Thursday, July 14, 2011
If you are questioning why Netflix chose to execute a hefty price increase, don't think that this is another New Coke moment. Netflix knows exactly what they are doing and that there were going to be short term repercussions. Some subscribers will drop the service and others will downgrade. But the future for Netflix is not as a mailer of DVDs; no, it is to be a streaming media network. It is why the management structure has also changed to operate these two businesses more independently.

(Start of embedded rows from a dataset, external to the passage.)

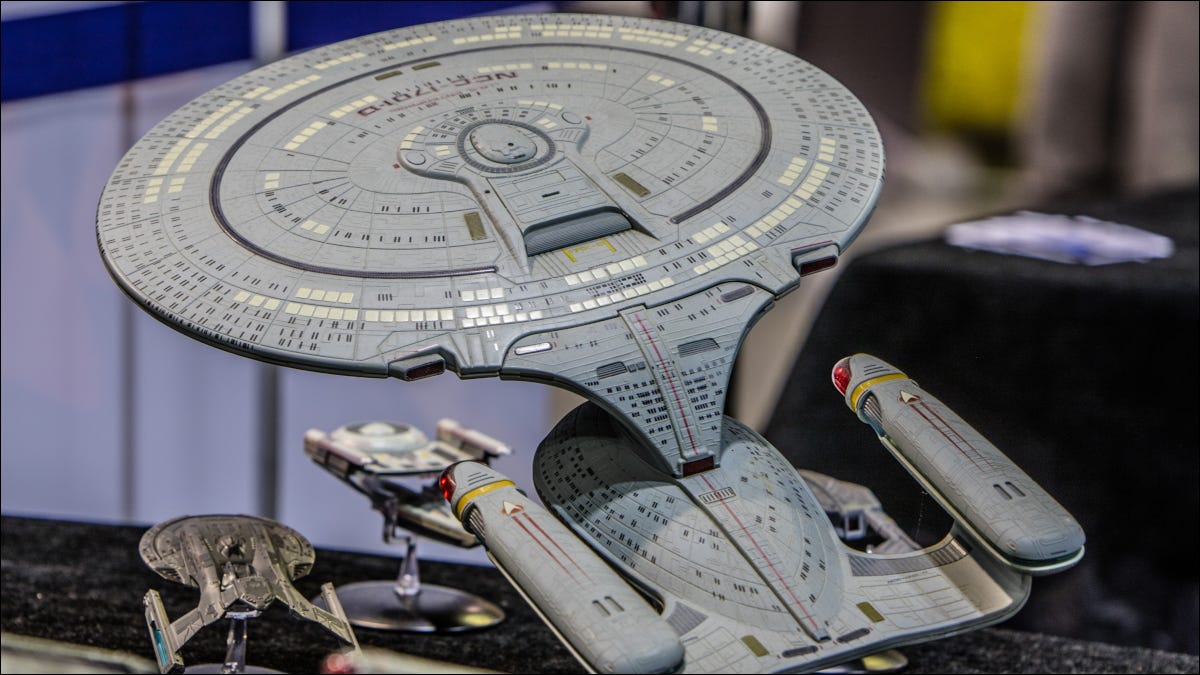 Um modelo da USS Enterprise.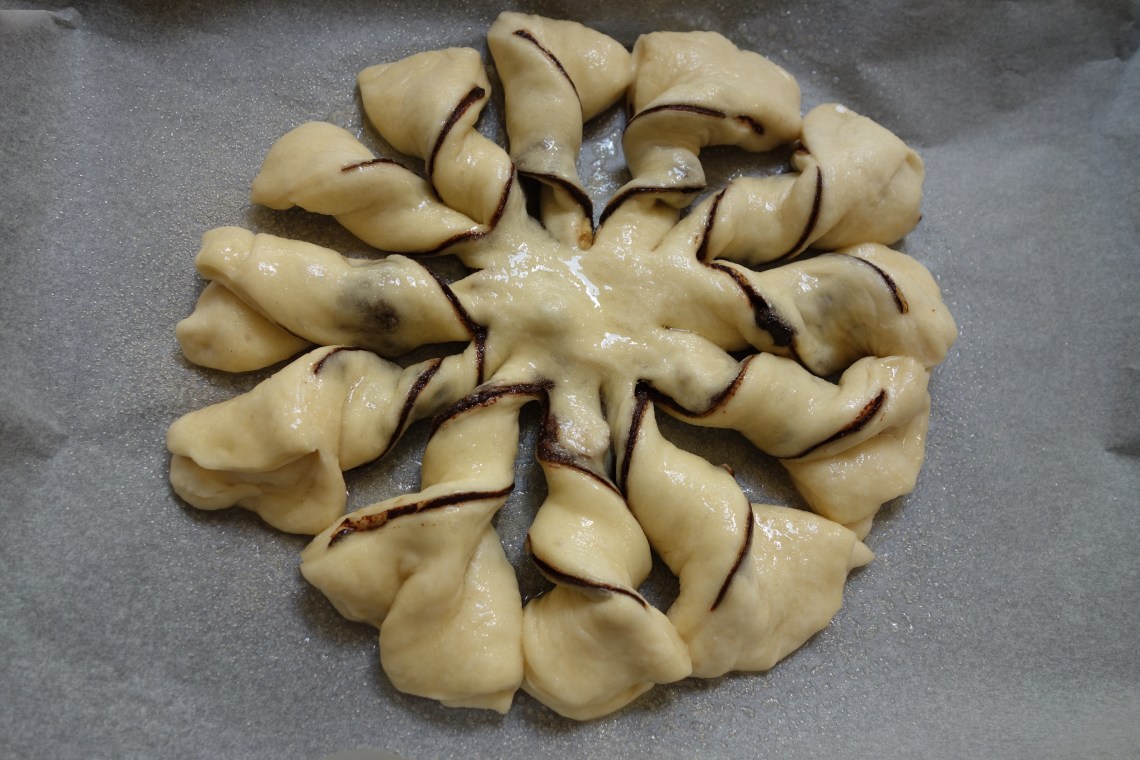 Chocolate breakfast pizza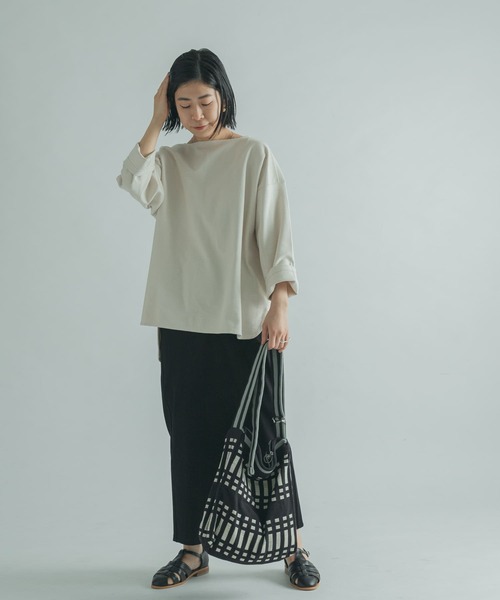 FORK&SPOON（フォークアンドスプーン）の「FORK&SPOON　カットストレートスカート（スカート・レディース・ブラック/ライトベージュ・1/2）」の3枚目の写真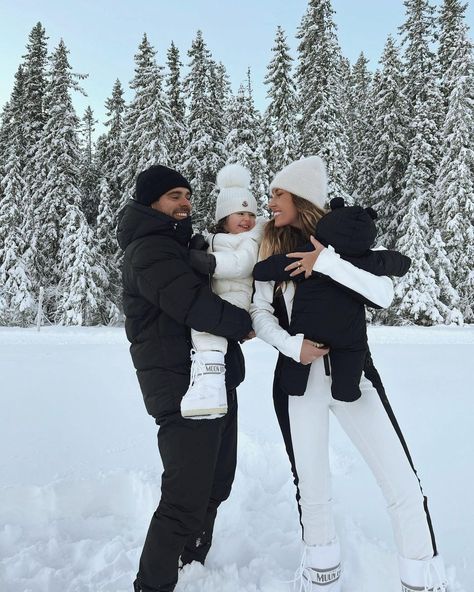 Family Life Aesthetic, Marriage Vision Board, Cute Families, Boy Room Themes, Ski Pics, Skiing Aesthetic, Family Aesthetic, Ski Family, Winter Family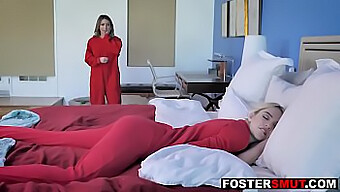 Lesbiche Adolescenti (18+) Si Godono La Compagnia A Vicenda In Questo Video Tabù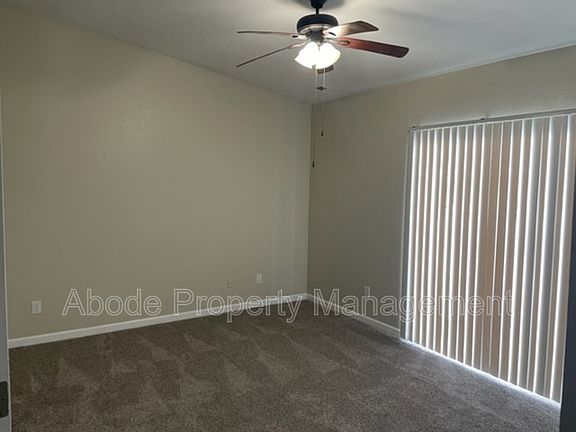 3rd image of 480 W 10th St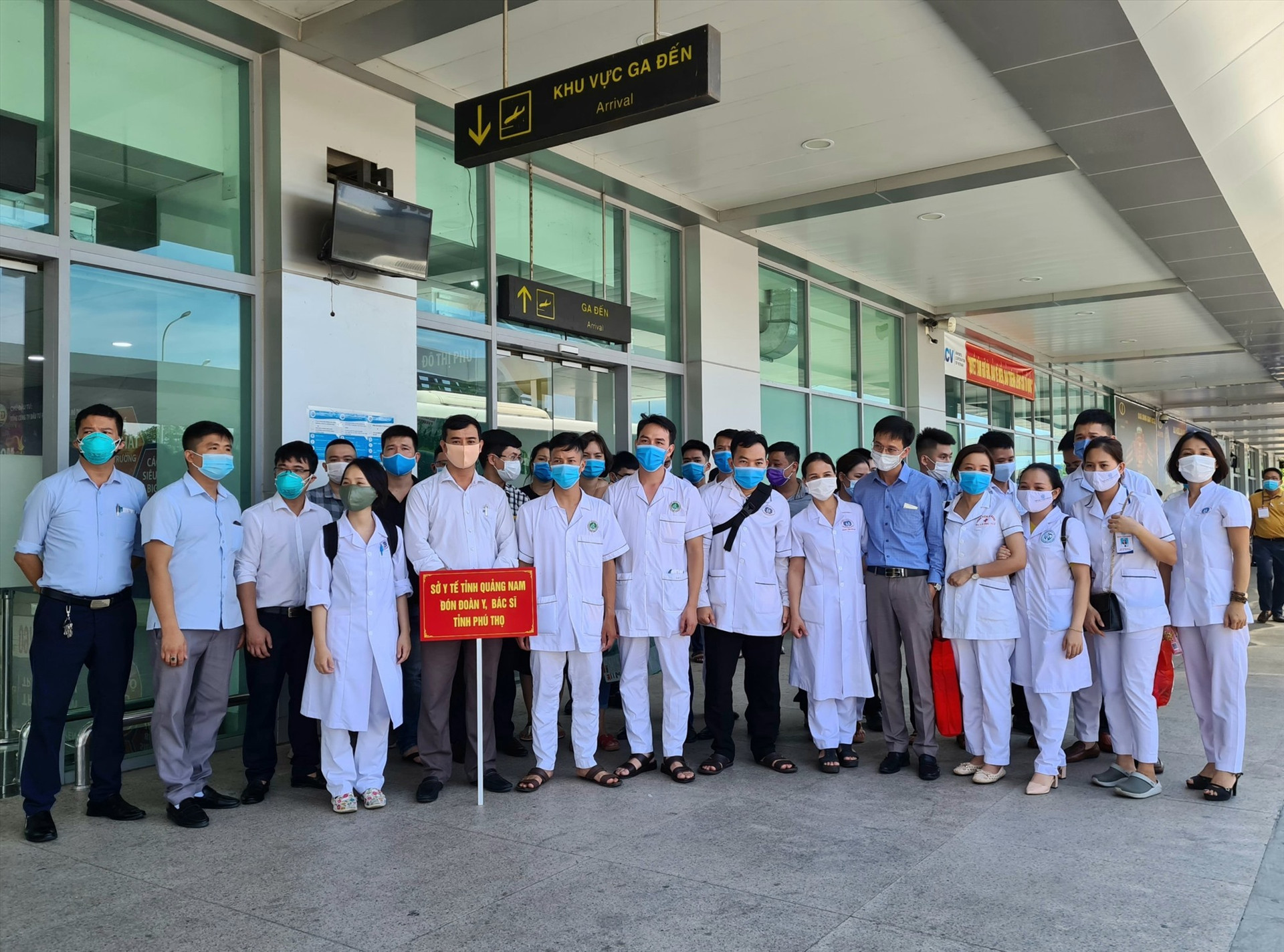 Đoàn y bác sĩ tình nguyện của tỉnh Phú Thọ chi viện cho tuyến đầu Quảng Nam. Ảnh: T.N
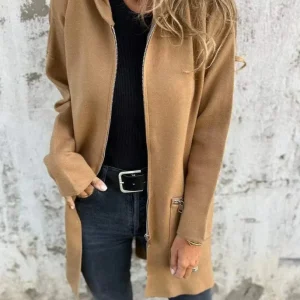 Jasmine ~ gilet long zippé à coupe ample & détails pratiques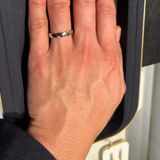 【ショーメ(CHAUMET)の口コミ】 トルサードというデザインで、スタイリッシュで個性的。他のとつけ比べま…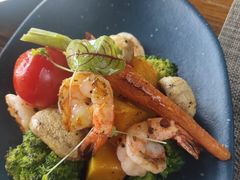 鲜虾牛油果沙律-喜洲吧·江畔老船厂·庭院餐厅(喜临院店)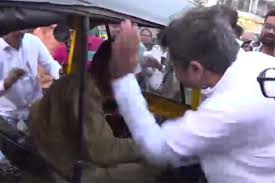'ग़ुस्से में हाथ उठ गया', ऑटो-रिक्शा चालक को थप्पड़ मारने वाले बीजेपी विधायक बोले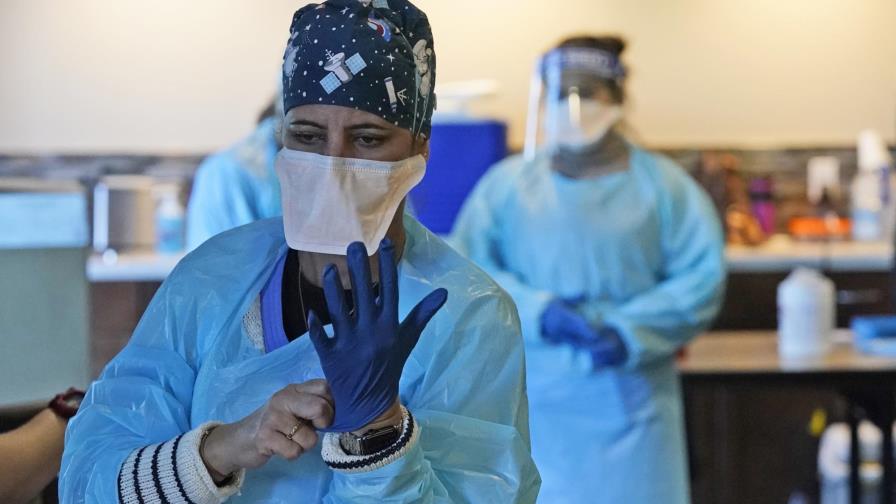 Vacunación en EE.UU encuentra resistencia en sector de salud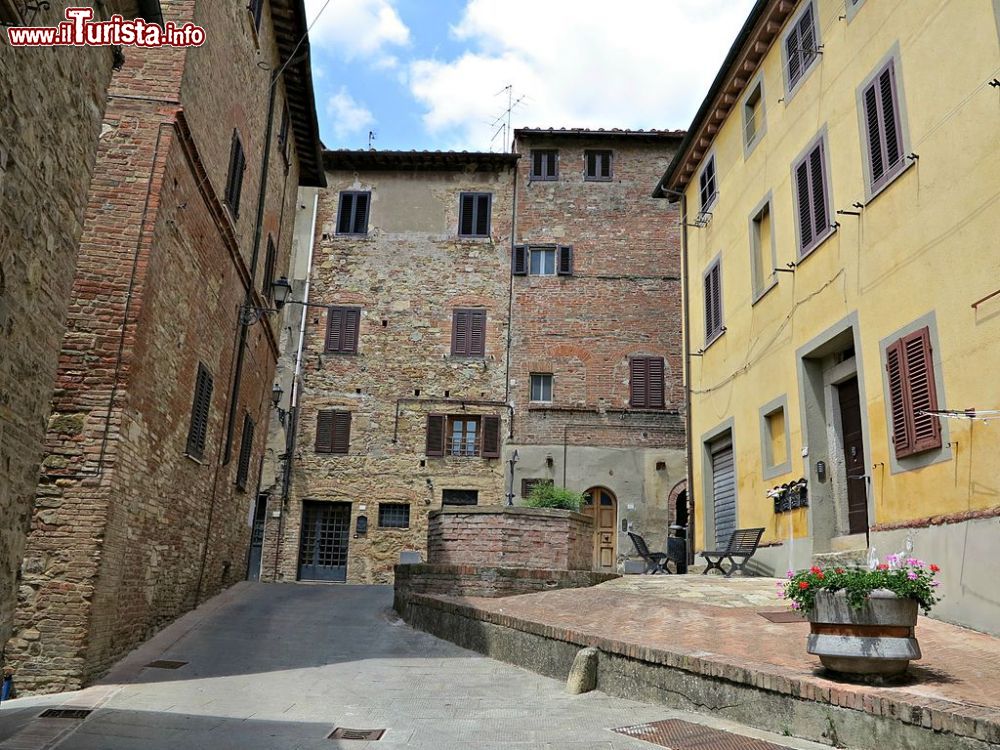 Immagine il Centro storico del borgo  di Gambassi Terme in Toscana - © Mongolo1984 - CC BY-SA 4.0, Wikipedia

Notice that Netflix quickly announced a new deal with NBC for streaming content. "NBC Universal has renewed its deal with Netflix Inc., ensuring that programs such as "The Office" and "30 Rock" stay available on the popular service as it comes under pressure to pay more for its content and catches flack for a price hike." I suspect more announcements will follow.
And Wall Street seems to think that a price hike, despite a drop in subscribers, will not hurt Netflix. The physical costs of insertion of disks into envelopes and the high mailing costs certainly hurt the profitability; streaming involves far lower operating costs and thus a better margin. And given the consumers appetite for more, more content to view, those savings can help drive additional NBC-like deals. Remember too that Netflix is getting into the original content game as well, using the HBO/Starz/Showtime approach to differentiate itself from other content providers.
Netflix is proving itself a forward thinking company, willing to take short term risks to maintain a leadership position. It is ultimately a growth move to drive more investment and marketing to this mobile, online marketplace. Physical DVDs are past, streaming is the present and future.